— Exercise prompt —
The copy should begin at the line containing "A group of collectables" and end with the last line below, every line exact and no picture included.
BEGIN Information supplied
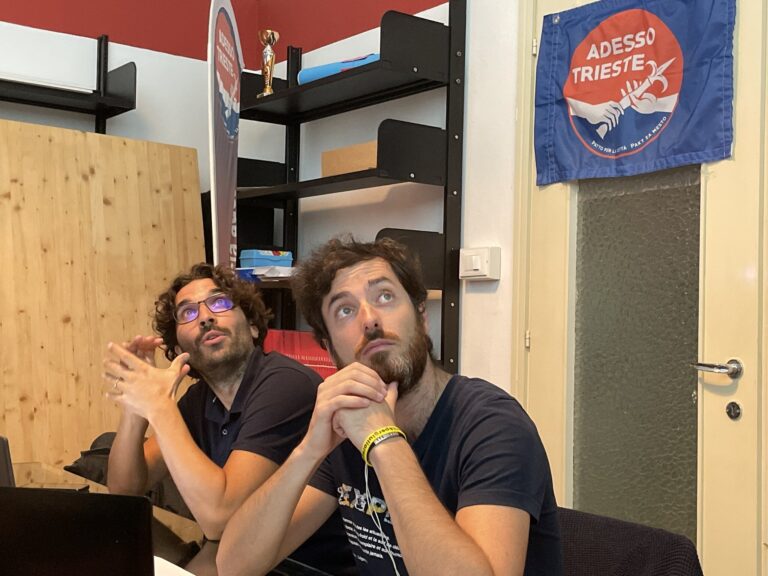 Due amici scherzano in ufficio creativo, seduti vicino alla scrivania con mani giunte.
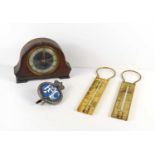 A group of collectables to include a Glen oak cased mantle clock, enamel RAC car badge and two brass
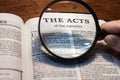 Closeup of a person holding a magnifier and reading the Acts from the New Testament Royalty Free Stock Photo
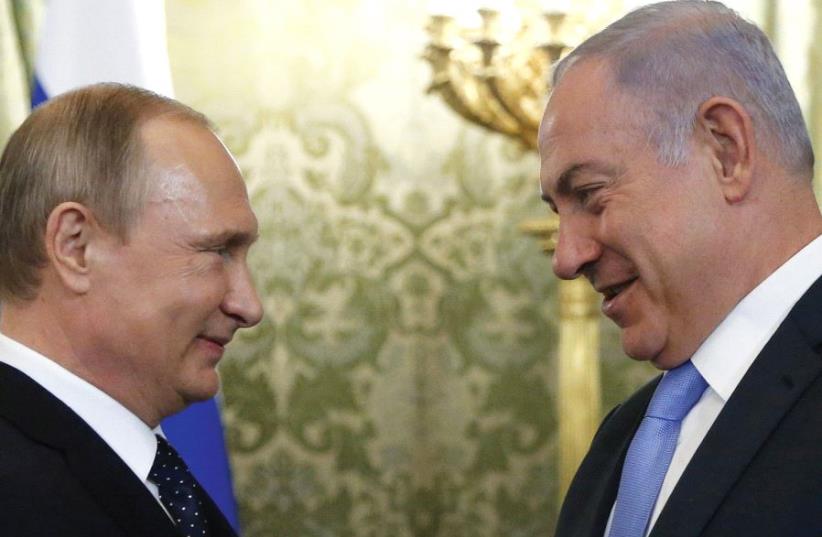 THE TIES between Russian President Vladimir Putin (left) and Prime Minister Benjamin Netanyahu have been characterized as straightforward, open and built on personal trust (photo credit: REUTERS)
END Information supplied
— Task result —
 A group of collectables to include a Glen oak cased mantle clock, enamel RAC car badge and two brass
 Closeup of a person holding a magnifier and reading the Acts from the New Testament Royalty Free Stock Photo
 THE TIES between Russian President Vladimir Putin (left) and Prime Minister Benjamin Netanyahu have been characterized as straightforward, open and built on personal trust (photo credit: REUTERS)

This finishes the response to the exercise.